CBD oil products can be somewhat expensive, which may be a barrier for individuals seeking treatment or relief from different conditions and disorders. cbdMD is a notable exception as far as price-point is concerned. cbdMD offers it’s premium, non-THC oils at a large variety of concentrations (300mg-5,00mg) as well as sizes (30mL and 60mL) . These oils are priced at $28 for 300mg oils and $90 for 1,500mg oils; both price-points are significantly below average.
In the United States, non-FDA approved CBD products are classified as Schedule I drugs under the Controlled Substances Act. This means that production, distribution, and possession of non-FDA approved CBD products is illegal under federal law. In addition, in 2016 the Drug Enforcement Administration added "marijuana extracts" to the list of Schedule I drugs, which it defined as "an extract containing one or more cannabinoids that has been derived from any plant of the genus Cannabis, other than the separated resin (whether crude or purified) obtained from the plant." Previously, CBD had simply been considered "marijuana", which is a Schedule I drug.

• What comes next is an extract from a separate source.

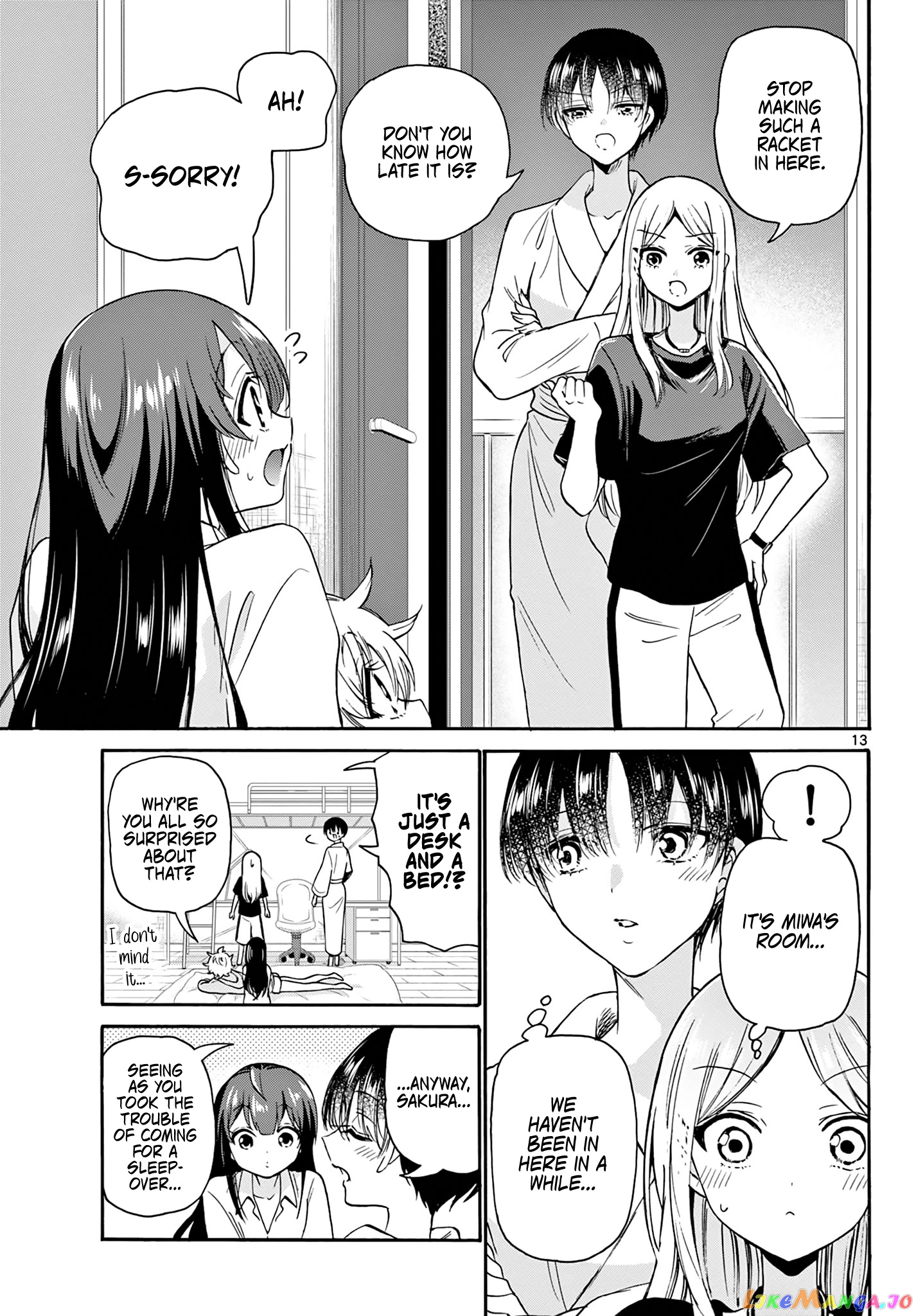 Read Mikadono Sanshimai Wa Angai Choroi EN Manga Online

Currently, the only official, FDA-approved use of CBD is as a component in a drug named Epidiolex, which will be used to treat severe forms of epilepsy in children and adults, and which will be, Carson hopes, available to patients by the end of the year. Carson says he developed an interest in CBD because parents of kids with epilepsy came to him having read about CBD’s potential benefits on the internet. “There’s lots of data now that I think really supports that CBD helps for epilepsy,” particularly in reducing the frequency of seizures, he says. Anecdotally, he noticed that the same parents reported another potential benefit associated with CBD: reduced anxiety. “I got the sense that some children did get benefits in terms of anxiety, and I think that’s where I wonder if for example CBD in coffee could potentially be helpful,” he says.
Using an oil tincture, Jamroz devised a crude, homemade CBD coffee concoction back in 2012 in order to find daily pain relief from a couple of slipped discs that he suffered during a snowboarding mishap. While the brew was relatively effective in terms of pain management, he claimed that the original cup tasted something like “hot, grassy swamp water.”